Mike's life is filled with desperation, poverty and filth. His clients are mostly pathetic lonely men with strange and perverse fantasies. The scene where Phoenix cleans an apartment dressed as a Dutch boy is both funny and a little sad. Mike only barely exists in this world. He cannot let go of his past. He keeps travelling that road between Portland and Idaho looking for that exit he missed. It might be he never seeks medical attention for his illness because the sleep offers him the escape from this life he yearns for.

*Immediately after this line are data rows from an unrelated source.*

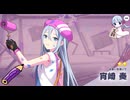 プロセカガチャ記録を見る鉛筆とつくよみちゃん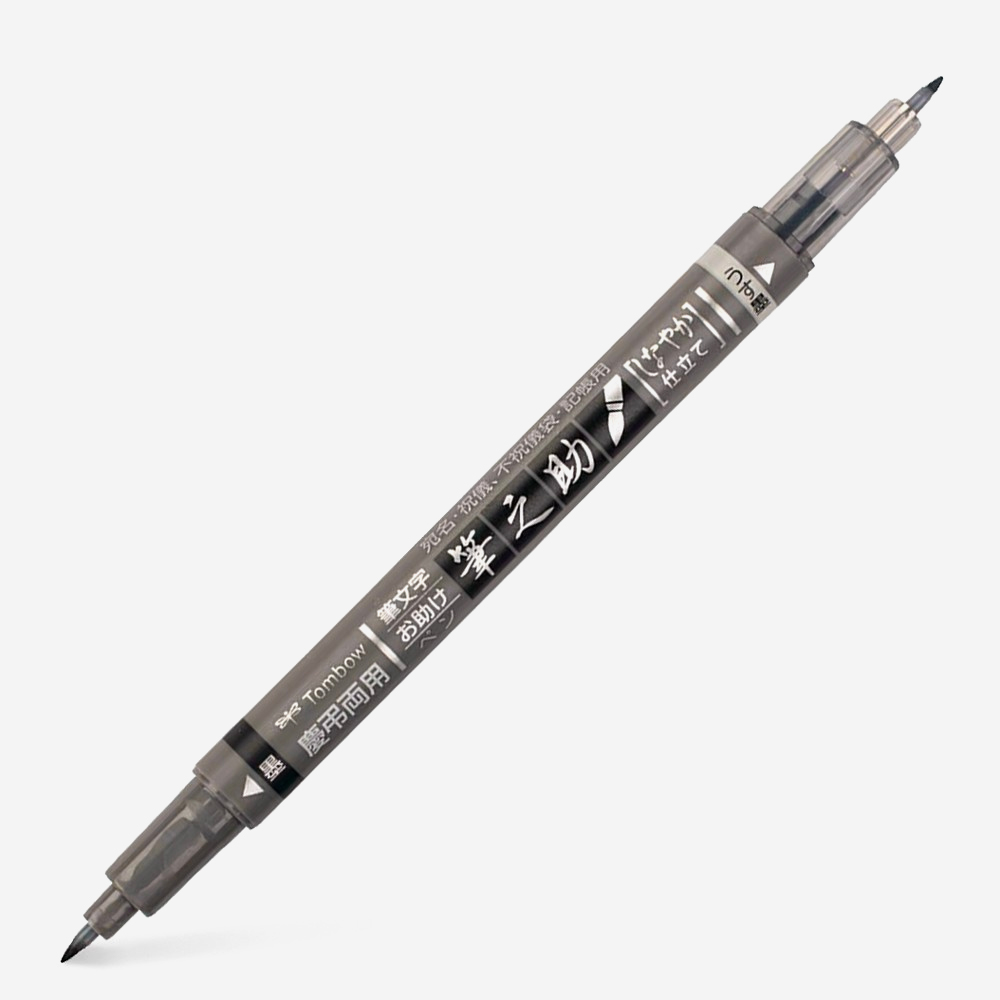 Tombow Fudenosuke Calligraphy Brush Pen Black and Grey nibs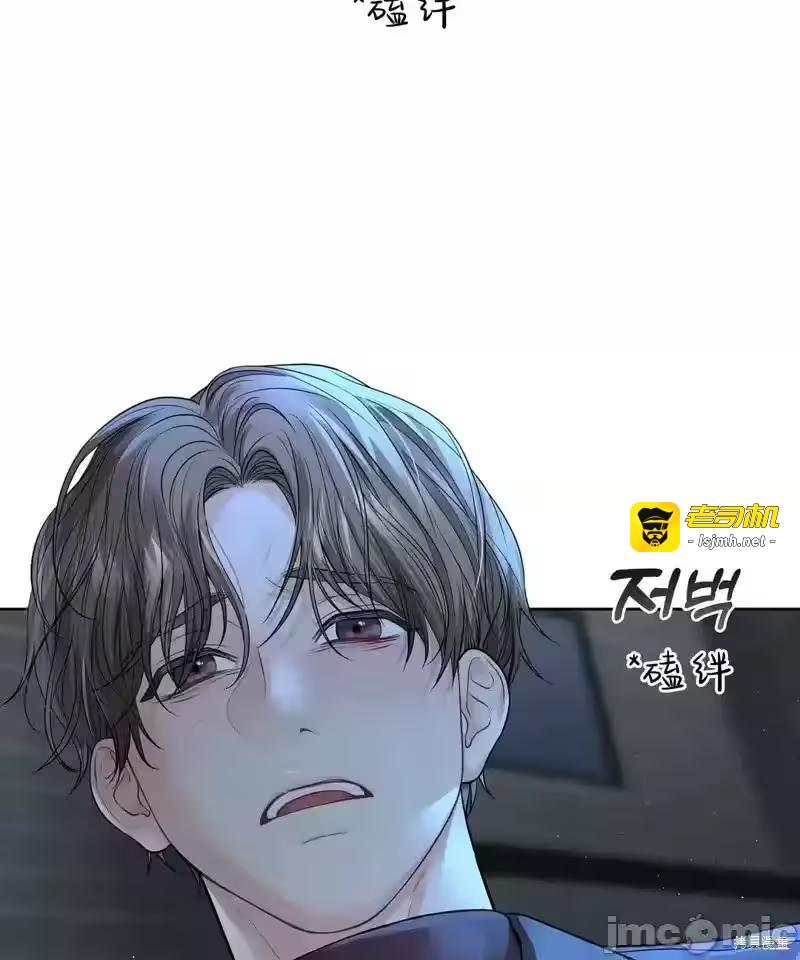 第8话 第 85 页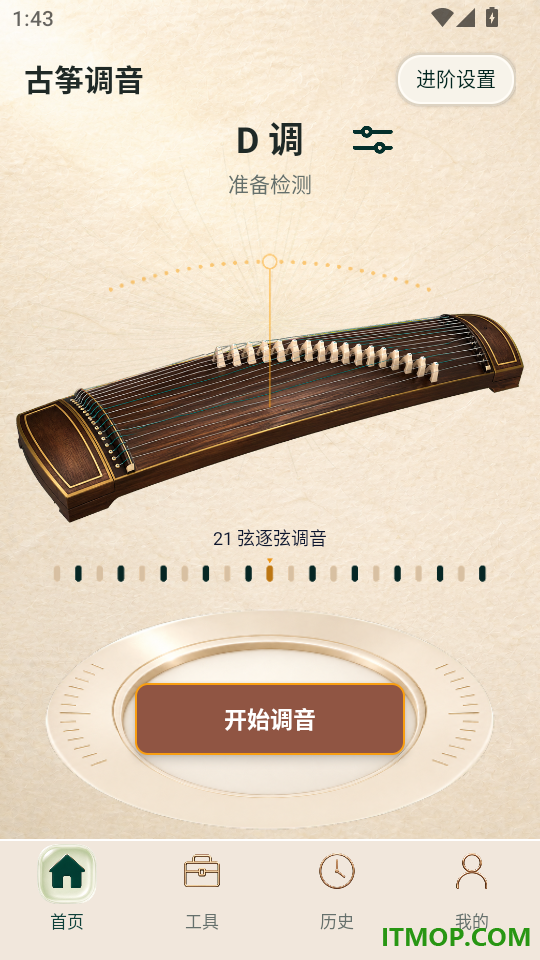 古筝调音器大师免费版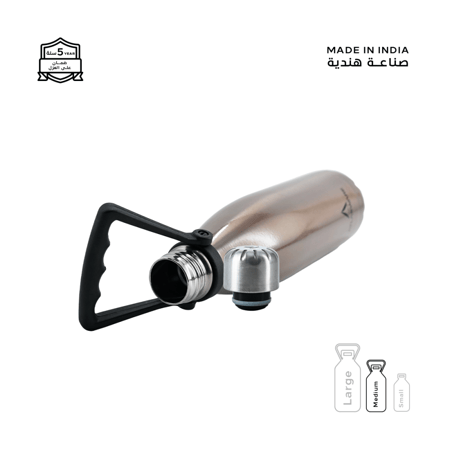 مطارة 750 مل - 52 ساعة بارد - 24 حار - ذهبى كلاسيكي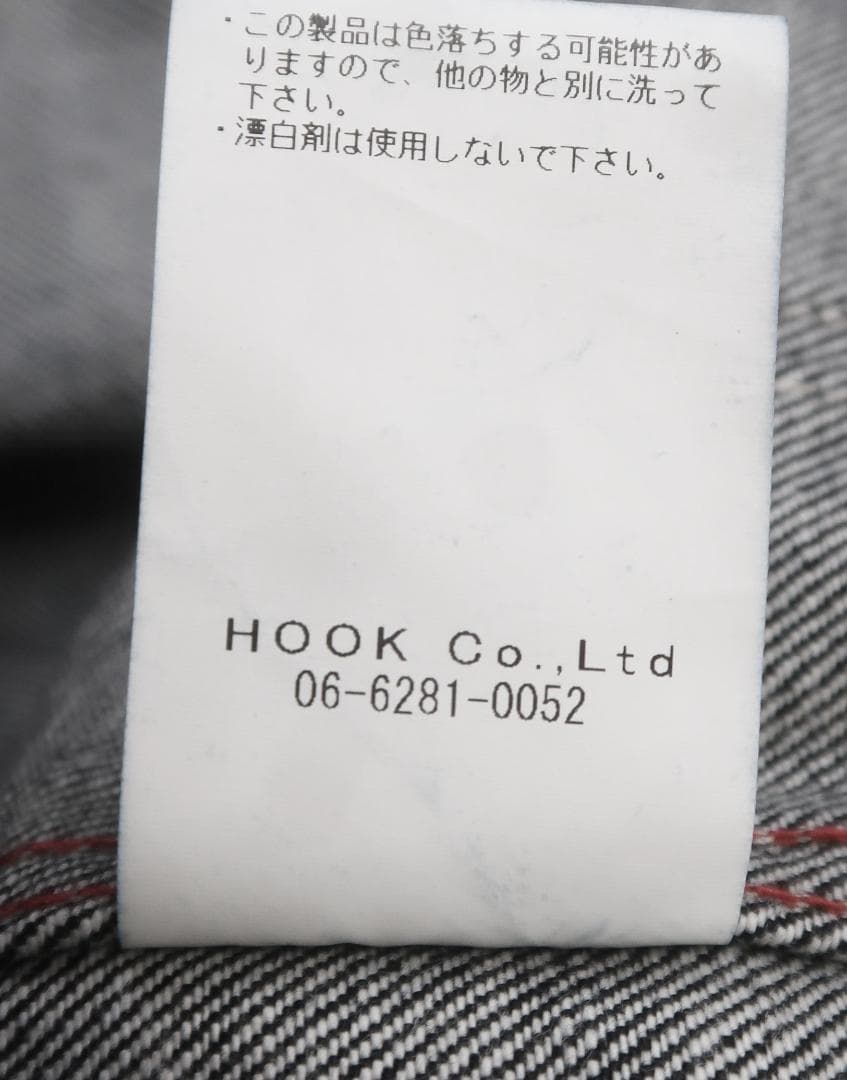 3403 美品 児島ジーンズ バイカラーウォバッシュ ベスト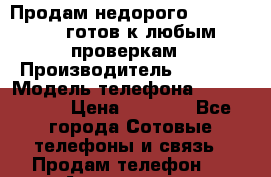 Продам недорого  iPhone 5S, готов к любым проверкам › Производитель ­ Apple › Модель телефона ­ iPhone 5S › Цена ­ 7 000 - Все города Сотовые телефоны и связь » Продам телефон   . Адыгея респ.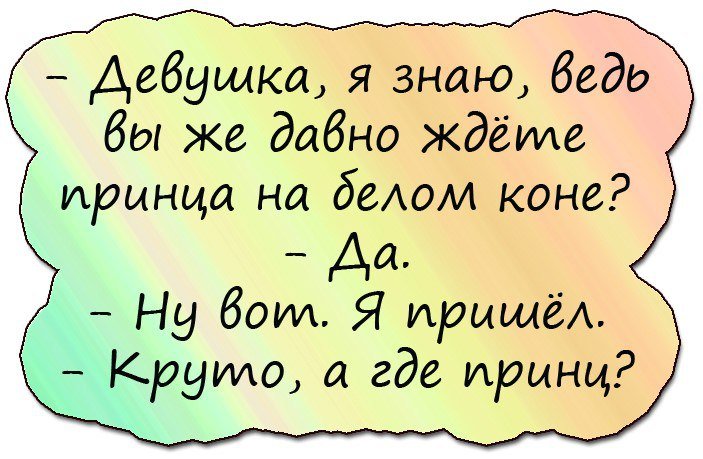 Хорошие анекдоты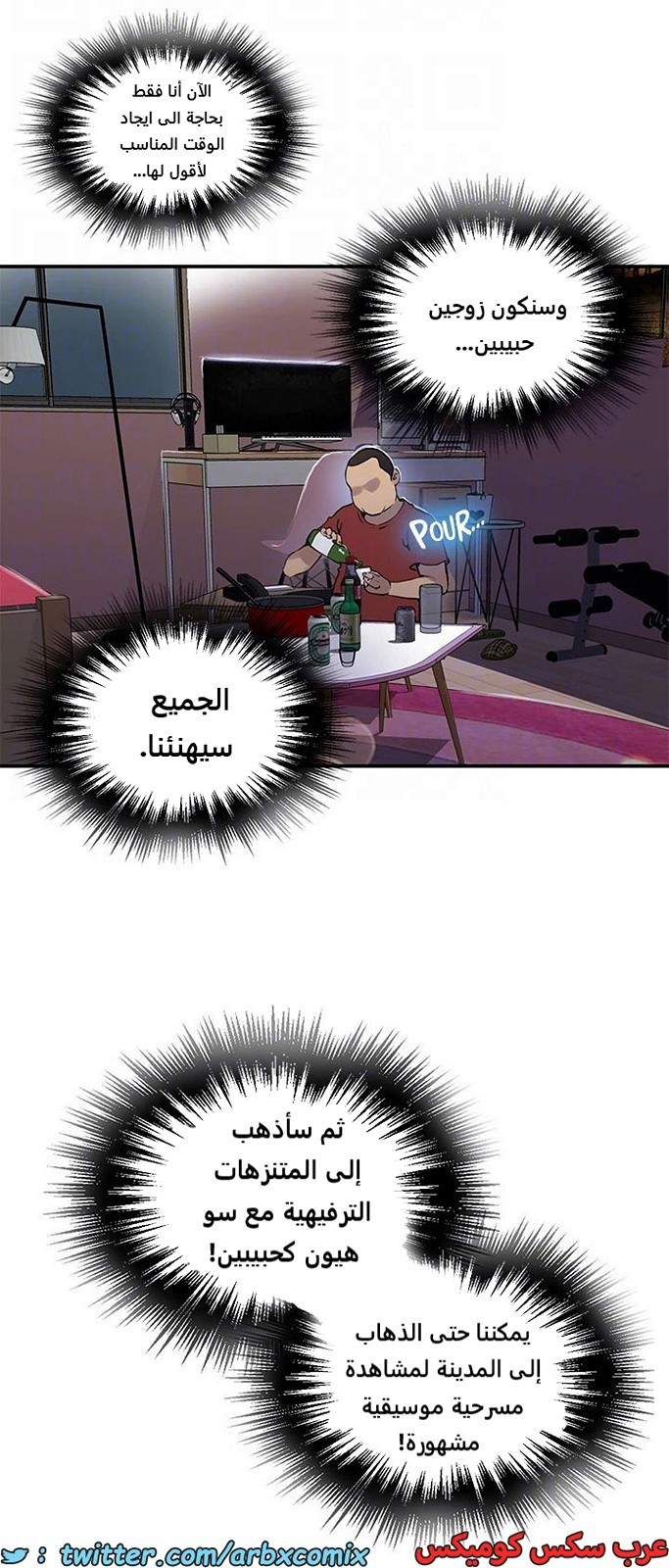 1966 صف سري الجزء 177
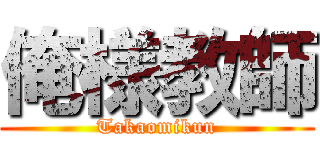 俺様教師 (Takaomikun)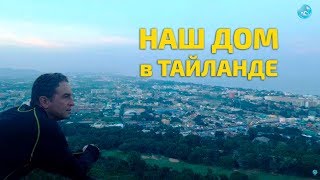 Моя жизнь в Таиланде (Между уроками Плавания) Моя жизнь в Таиланде (Между уроками Плавания)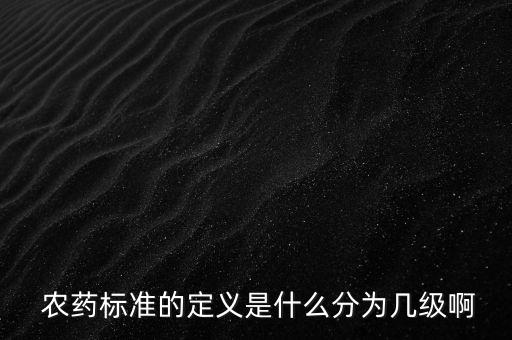 凈利潤現(xiàn)金含量是什么指標(biāo),農(nóng)藥含量是什么指標(biāo)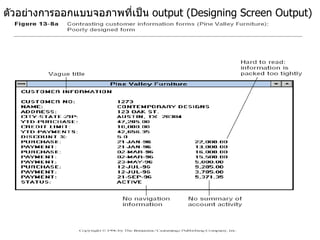ตัวอย่างการออกแบบจอภาพที่เป็น  output (Designing Screen Output)   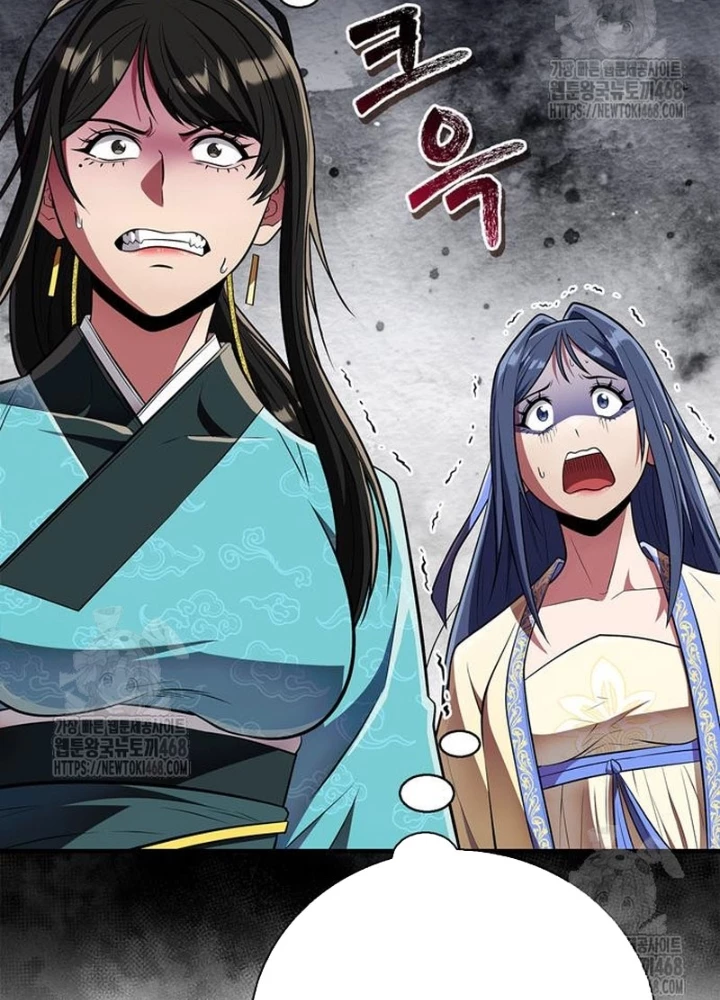Huấn Luyện Viên Murim Thiên Tài Chapter 74 - Trang 2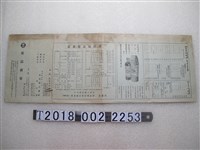 藏品(東光株式會社藥品商報)的圖片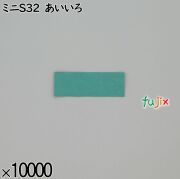 業務用 箸袋 ミニS32 あいいろ 10000枚／ケース 長井紙業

Phoenix's performance is excellent in this film. At the time this film was made, both Reeves and Phoenix were big teenage idols. I can imagine their agents were not that crazy about the two stars poisoning their appeal to teenage female ticket buyers by playing men engaging in homosexual acts. It is a real shame that Phoenix is dead in the ground while Reeves is still making movies in which we half expect him to say "Dude!" every other line.
While this is not Van Sant's best film, it still has some very poignant and memorable moments.